Radicaal-islamistisch gedachtengoed bereikt België


Radicalisering is niet nieuw. Toch is er vandaag één trend die er bovenuit steekt: het religieus geïnspireerde radicalisme. De Belgische overheid hoort wel een klok luiden, maar zal waarschijnlijk nog enige tijd nodig hebben eer ze de klepel weet hangen.

“Van de 400.000 moslims in België zijn er 8.000 besmet met een radicaal-islamistisch gedachtengoed”, staat te lezen in een recent rapport van het Comité I, dat de inlichtingendiensten controleert. Moeten we ons nu zorgen maken? Per slot van rekening is een radicaal gedachtengoed op zich niet strafbaar. “Dikwijls is dat een gedrevenheid, waarmee je positieve resultaten kan bereiken. Pas als je die gedrevenheid verder doordrijft en iemand zover brengt dat die een extremistisch gedachtengoed gaat verspreiden, dan ben je strafbaar”, aldus Luc Verheyden, adjunct-directeur van het Coördinatieorgaan voor de Dreigingsanalyse (OCAD).


België heeft een plan

In navolging van Europa, voerde de Belgische regering in september 2005 een Actieplan Radicalisme in. “Met dat plan hoeft ons land voortaan niet meer te blozen in de strijd tegen het terrorisme”, zo klonk het destijds bij de ministers Onkelinx van Justitie en haar collega van Binnenlandse Zaken, Dewael.
Naar de precieze inhoud van het als vertrouwelijk geclassificeerde Actieplan blijft het ook vandaag nog gissen. Wel is bekend dat het plan berust op vijf pijlers, waarvan radicalisering in gevangenissen de recentste is. Brice De Ruyver, veiligheidsadviseur van premier Verhofstadt, zweert om veiligheidsredenen bij de vertrouwelijkheid van het plan. “Als je een strategie ontwikkelt ten aanzien van groeperingen die het wezen van onze rechtsstaat viseren, is het niet aangewezen hen daarvan op de hoogte te brengen.” Vreemd is dan toch dat het Comité I in haar recentste rapport stelt dat het rapport geheim is door de politieke gevoeligheid van het onderwerp. Het plan zou gewoon nog niet af zijn, en dat twee jaar na de eerste voorstelling ervan. Volgens Luc Verheyden is het niet onlogisch dat men niet men een afgewerkt plan naar buiten komt. “Het radicaliserings- en rekruteringsproces is nu eenmaal een evolutief gegeven. Je kan daar geen lijn onder trekken en zeggen “vanaf nu gaan we daar een remedie tegen zoeken”. Wat vandaag niet radicaliserend werkt, kan dat morgen wél doen. Dáárom is het Actieplan nooit af en wordt het niet gepubliceerd. Er wordt gewerkt met permanent aanpasbare objectieven en daarom kan je dat niet publiceren. De geheimhouding heeft niets te maken met het afschrikken van terroristen.”
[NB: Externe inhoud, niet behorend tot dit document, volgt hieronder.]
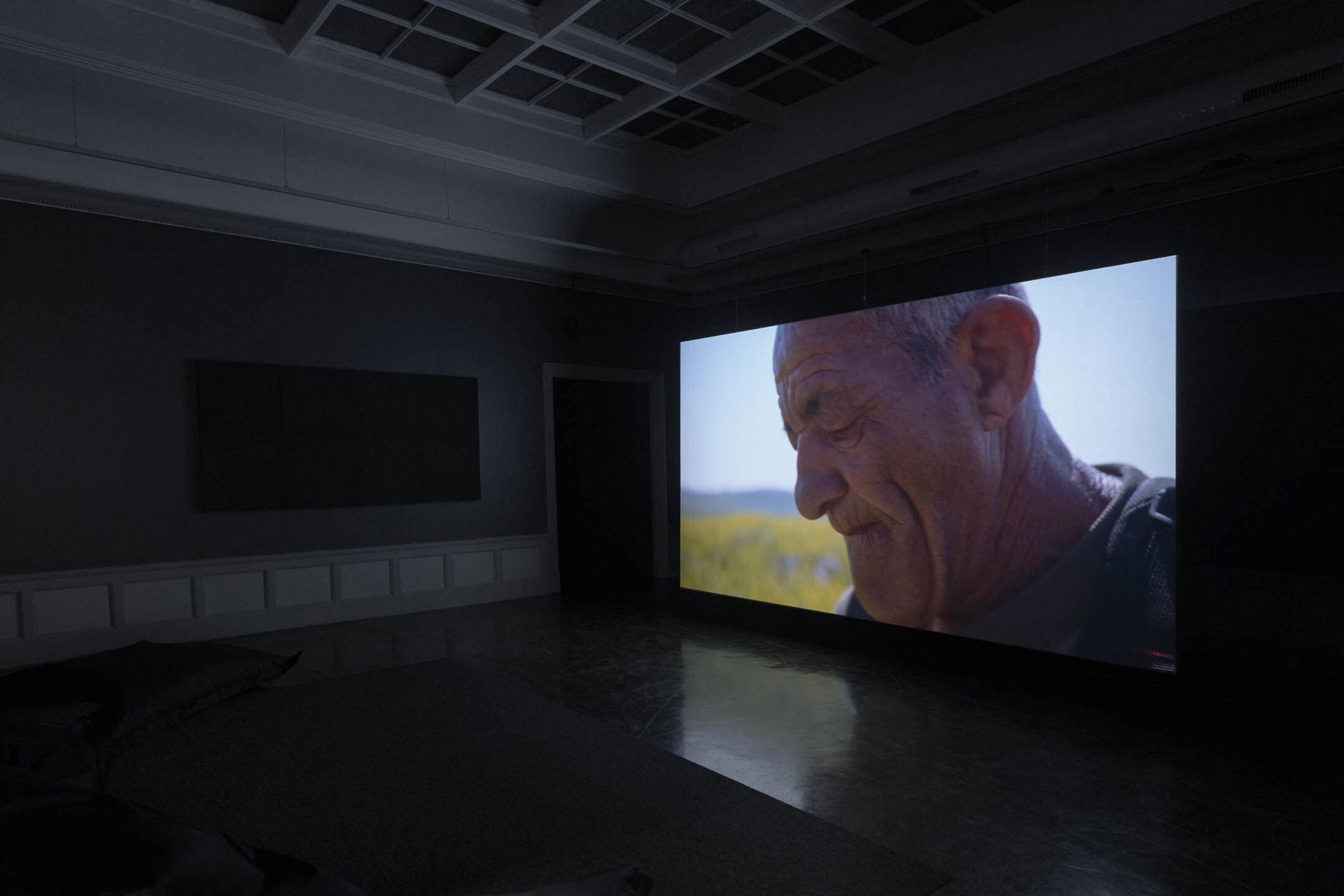 Jumana Manna, Break, Take, Erase, Tally (2025), installasjonsoversikt. Foto: Erik Sæter Jørgensen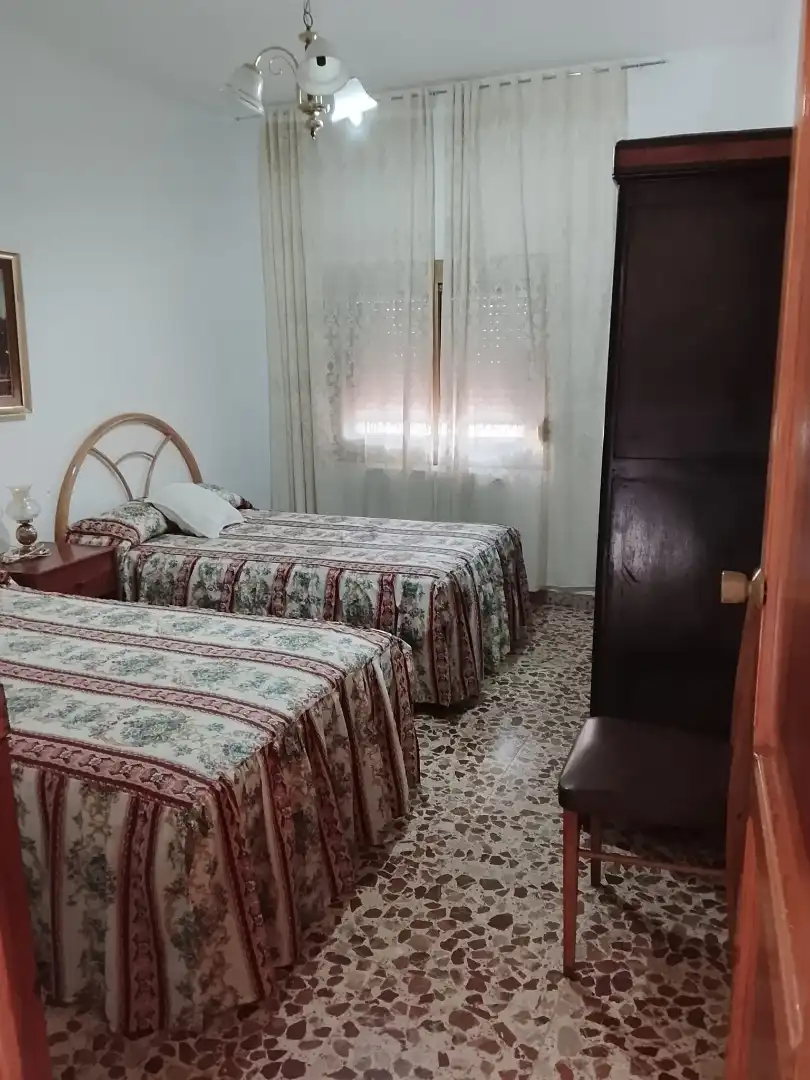 Dormitori de Casa o xalet en venda en Pozorrubielos de la Mancha amb Calefacció, Moblat i Forn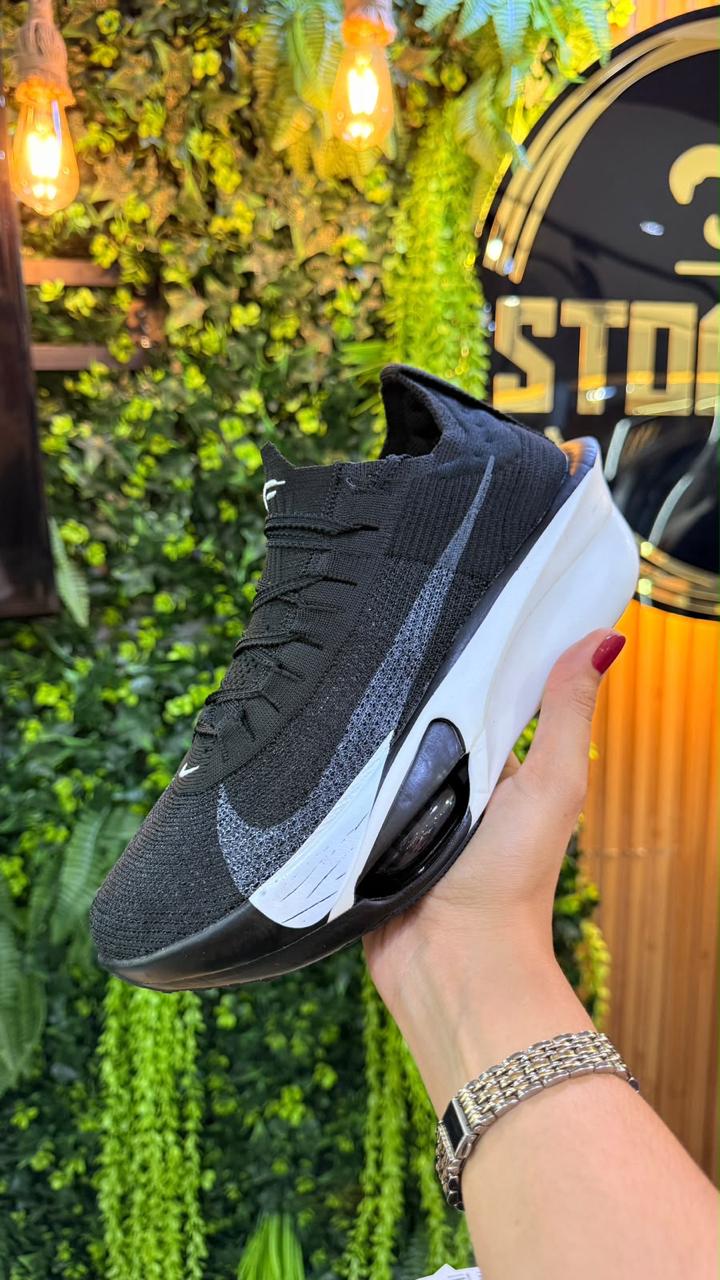 Tênis Nike Running Preto e Branco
“Kweekvijvers voor terroristen”

Dat er wel degelijk iets schort aan de aanpak van radicaal ideeëngoed blijkt uit de problematiek in de gevangenissen. Lang niet alle neuzen wijzen in dezelfde richting. Koen Dassen, voormalig administrateurgeneraal van de Staatsveiligheid, bond vorig jaar de kat de bel aan: “Gevangenissen zijn kweekvijvers voor terroristen.” Luc Verheyden: “Als je weet dat er 60 à 70 procent allochtonen in de gevangenissen zit, dan zou je moeten spreken over 3.000 à 4.000 gedetineerden en over 50 tot 100 potentiële risico’s op islamistische radicalisering. Dat is een grote risicogroep.” Een uitspraak die bij Rudy Van De Voorde, gevangenisdirecteur in Vorst, waar zeven terreurverdachten vastzitten, op onbegrip stuit. “Zieltjeswerving om andere terroristen te zoeken, gebeurt bij mijn weten tot op de dag van vandaag niet.” Vorig jaar telden de Belgische gevangenissen nog 23 terroristen. “Naar ons aanvoelen zijn de mensen die hier zitten voor zulke misdrijven, zodanig solitair, dat ze niet te koop lopen met hun zaken en zich niet manifesteren.”
Gevangenissen mogen dan wel op papier de laatste pijler uit het Actieplan Radicalisme zijn, in de praktijk is er van een verregaande geïntegreerde aanpak geen sprake. Brice De Ruyver: “Gevangenisdirecties worden gebrieft over de radicale dreiging die uitgaat van een gedetineerde, zodat de directie de nodige veiligheidsmaatregelen kan nemen. Ze kennen het profiel van iemand die binnenkomt en zijn zeker op de hoogte van het potentiële radicaliserende gevaar dat van hen uitgaat.” Van De Voorde valt uit de lucht. “Ik heb geen kennis van een plan waarin staat dat er binnen de gevangenissen een andere behandeling geldt voor van terrorisme verdachte gevangenen dan voor andere gedetineerden. Ik weet alleen waarom iemand werd aangehouden en niet kan worden vrijgelaten.”
“Een aparte gevangenis voor moslimfundamentalisten is ook bij ons de oplossing om het olievleksyndroom tegen te gaan.” Glenn Audenaert, hoofd van de Federale Gerechtelijke Politie, verwijst naar het Nederlandse model, waarin moslim-terreurverdachten geconcentreerd worden in speciale gevangenissen. Veiligheidsadviseur De Ruyver vindt dat de overheid hen moet blijven spreiden over verschillende gevangenissen. “Je moet de kat niet bij de melk zetten. Bovendien maak je anders van bepaalde gevangenissen symbolen, zoals destijds de ‘Rote Armee Fraktion-gevangenis’ in Mannheim.”


Jihad.com

Terroristen maken ook steeds vaker gebruik van het internet als communicatie- en informatiemiddel. Waarom sluit de overheid niet gewoon alle radicale websites? “Het grote probleem met het afsluiten van een website is dat je het kanaal van de satelliet die die inhoud verspreidt, wel stopt, maar dat hetzelfde uur nog dezelfde website opnieuw online verschijnt via een andere provider op een ander continent. Als het een Belgische provider is, zou je die kunnen aanspreken, maar zelfs dat is niet eenvoudig met de in de Grondwet vastgelegde burgerlijke rechten en vrijheden”, aldus Luc Verheyden. Zulke sites balanceren pas op het randje van de strafbaarheid wanneer ze burgers oproepen om vanuit België mee te gaan vechten tegen de westerse bezetters in bijvoorbeeld Afghanistan, Tsjetsjenië of Irak.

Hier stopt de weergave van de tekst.